The records that follow are to be given again exactly, with their pictures omitted.

- - -

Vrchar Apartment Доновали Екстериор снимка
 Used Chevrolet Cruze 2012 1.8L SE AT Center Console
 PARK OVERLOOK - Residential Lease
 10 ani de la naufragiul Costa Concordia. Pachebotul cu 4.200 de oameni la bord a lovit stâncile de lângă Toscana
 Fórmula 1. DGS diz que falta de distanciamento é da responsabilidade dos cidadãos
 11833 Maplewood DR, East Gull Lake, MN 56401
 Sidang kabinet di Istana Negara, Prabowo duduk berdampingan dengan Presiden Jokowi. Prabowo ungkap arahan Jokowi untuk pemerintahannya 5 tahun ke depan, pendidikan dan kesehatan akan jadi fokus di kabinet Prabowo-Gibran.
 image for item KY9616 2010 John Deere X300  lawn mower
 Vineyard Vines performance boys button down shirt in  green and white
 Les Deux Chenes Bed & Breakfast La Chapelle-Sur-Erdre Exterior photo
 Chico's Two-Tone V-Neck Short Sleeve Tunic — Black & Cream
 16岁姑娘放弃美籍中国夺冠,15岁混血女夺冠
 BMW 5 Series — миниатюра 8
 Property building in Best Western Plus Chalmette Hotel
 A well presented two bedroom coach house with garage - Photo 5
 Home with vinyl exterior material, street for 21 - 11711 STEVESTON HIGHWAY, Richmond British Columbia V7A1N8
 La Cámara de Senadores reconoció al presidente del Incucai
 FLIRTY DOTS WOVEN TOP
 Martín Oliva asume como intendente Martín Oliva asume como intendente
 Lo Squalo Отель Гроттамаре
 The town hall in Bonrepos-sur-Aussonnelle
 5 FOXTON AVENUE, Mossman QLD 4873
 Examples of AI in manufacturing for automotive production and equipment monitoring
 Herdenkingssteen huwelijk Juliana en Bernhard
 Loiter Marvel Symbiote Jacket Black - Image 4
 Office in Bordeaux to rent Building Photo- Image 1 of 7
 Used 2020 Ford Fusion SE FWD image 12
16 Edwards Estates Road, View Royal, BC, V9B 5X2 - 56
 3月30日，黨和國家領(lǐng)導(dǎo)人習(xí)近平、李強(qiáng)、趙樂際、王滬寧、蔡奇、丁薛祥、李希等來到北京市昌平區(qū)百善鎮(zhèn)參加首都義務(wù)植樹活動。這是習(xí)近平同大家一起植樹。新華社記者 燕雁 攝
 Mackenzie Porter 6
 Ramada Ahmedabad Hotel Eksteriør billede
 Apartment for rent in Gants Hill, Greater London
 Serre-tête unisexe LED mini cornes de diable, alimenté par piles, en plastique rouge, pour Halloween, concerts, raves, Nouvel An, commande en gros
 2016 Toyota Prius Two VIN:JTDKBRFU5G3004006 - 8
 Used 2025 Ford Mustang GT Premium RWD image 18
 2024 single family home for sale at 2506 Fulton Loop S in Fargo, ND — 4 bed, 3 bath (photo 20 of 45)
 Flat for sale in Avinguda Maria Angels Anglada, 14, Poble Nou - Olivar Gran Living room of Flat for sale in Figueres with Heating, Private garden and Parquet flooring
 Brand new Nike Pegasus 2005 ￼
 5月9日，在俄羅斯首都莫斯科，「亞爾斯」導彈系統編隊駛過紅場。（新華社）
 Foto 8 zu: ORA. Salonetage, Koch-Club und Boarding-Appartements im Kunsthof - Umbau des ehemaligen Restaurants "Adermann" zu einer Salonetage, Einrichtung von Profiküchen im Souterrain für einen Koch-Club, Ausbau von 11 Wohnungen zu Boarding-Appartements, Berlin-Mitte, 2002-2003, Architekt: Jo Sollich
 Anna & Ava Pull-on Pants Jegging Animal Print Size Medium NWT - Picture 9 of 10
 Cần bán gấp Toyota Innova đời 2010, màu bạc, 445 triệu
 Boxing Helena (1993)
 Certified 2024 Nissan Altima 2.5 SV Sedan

- - -

PROBLEM SOLUTION >>
Vrchar Apartment Доновали Екстериор снимка
 Used Chevrolet Cruze 2012 1.8L SE AT Center Console
 PARK OVERLOOK - Residential Lease
 10 ani de la naufragiul Costa Concordia. Pachebotul cu 4.200 de oameni la bord a lovit stâncile de lângă Toscana
 Fórmula 1. DGS diz que falta de distanciamento é da responsabilidade dos cidadãos
 11833 Maplewood DR, East Gull Lake, MN 56401
 Sidang kabinet di Istana Negara, Prabowo duduk berdampingan dengan Presiden Jokowi. Prabowo ungkap arahan Jokowi untuk pemerintahannya 5 tahun ke depan, pendidikan dan kesehatan akan jadi fokus di kabinet Prabowo-Gibran.
 image for item KY9616 2010 John Deere X300  lawn mower
 Vineyard Vines performance boys button down shirt in  green and white
 Les Deux Chenes Bed & Breakfast La Chapelle-Sur-Erdre Exterior photo
 Chico's Two-Tone V-Neck Short Sleeve Tunic — Black & Cream
 16岁姑娘放弃美籍中国夺冠,15岁混血女夺冠
 BMW 5 Series — миниатюра 8
 Property building in Best Western Plus Chalmette Hotel
 A well presented two bedroom coach house with garage - Photo 5
 Home with vinyl exterior material, street for 21 - 11711 STEVESTON HIGHWAY, Richmond British Columbia V7A1N8
 La Cámara de Senadores reconoció al presidente del Incucai
 FLIRTY DOTS WOVEN TOP
 Martín Oliva asume como intendente Martín Oliva asume como intendente
 Lo Squalo Отель Гроттамаре
 The town hall in Bonrepos-sur-Aussonnelle
 5 FOXTON AVENUE, Mossman QLD 4873
 Examples of AI in manufacturing for automotive production and equipment monitoring
 Herdenkingssteen huwelijk Juliana en Bernhard
 Loiter Marvel Symbiote Jacket Black - Image 4
 Office in Bordeaux to rent Building Photo- Image 1 of 7
 Used 2020 Ford Fusion SE FWD image 12
16 Edwards Estates Road, View Royal, BC, V9B 5X2 - 56
 3月30日，黨和國家領(lǐng)導(dǎo)人習(xí)近平、李強(qiáng)、趙樂際、王滬寧、蔡奇、丁薛祥、李希等來到北京市昌平區(qū)百善鎮(zhèn)參加首都義務(wù)植樹活動。這是習(xí)近平同大家一起植樹。新華社記者 燕雁 攝
 Mackenzie Porter 6
 Ramada Ahmedabad Hotel Eksteriør billede
 Apartment for rent in Gants Hill, Greater London
 Serre-tête unisexe LED mini cornes de diable, alimenté par piles, en plastique rouge, pour Halloween, concerts, raves, Nouvel An, commande en gros
 2016 Toyota Prius Two VIN:JTDKBRFU5G3004006 - 8
 Used 2025 Ford Mustang GT Premium RWD image 18
 2024 single family home for sale at 2506 Fulton Loop S in Fargo, ND — 4 bed, 3 bath (photo 20 of 45)
 Flat for sale in Avinguda Maria Angels Anglada, 14, Poble Nou - Olivar Gran Living room of Flat for sale in Figueres with Heating, Private garden and Parquet flooring
 Brand new Nike Pegasus 2005 
 5月9日，在俄羅斯首都莫斯科，「亞爾斯」導彈系統編隊駛過紅場。（新華社）
 Foto 8 zu: ORA. Salonetage, Koch-Club und Boarding-Appartements im Kunsthof - Umbau des ehemaligen Restaurants "Adermann" zu einer Salonetage, Einrichtung von Profiküchen im Souterrain für einen Koch-Club, Ausbau von 11 Wohnungen zu Boarding-Appartements, Berlin-Mitte, 2002-2003, Architekt: Jo Sollich
 Anna & Ava Pull-on Pants Jegging Animal Print Size Medium NWT - Picture 9 of 10
 Cần bán gấp Toyota Innova đời 2010, màu bạc, 445 triệu
 Boxing Helena (1993)
 Certified 2024 Nissan Altima 2.5 SV Sedan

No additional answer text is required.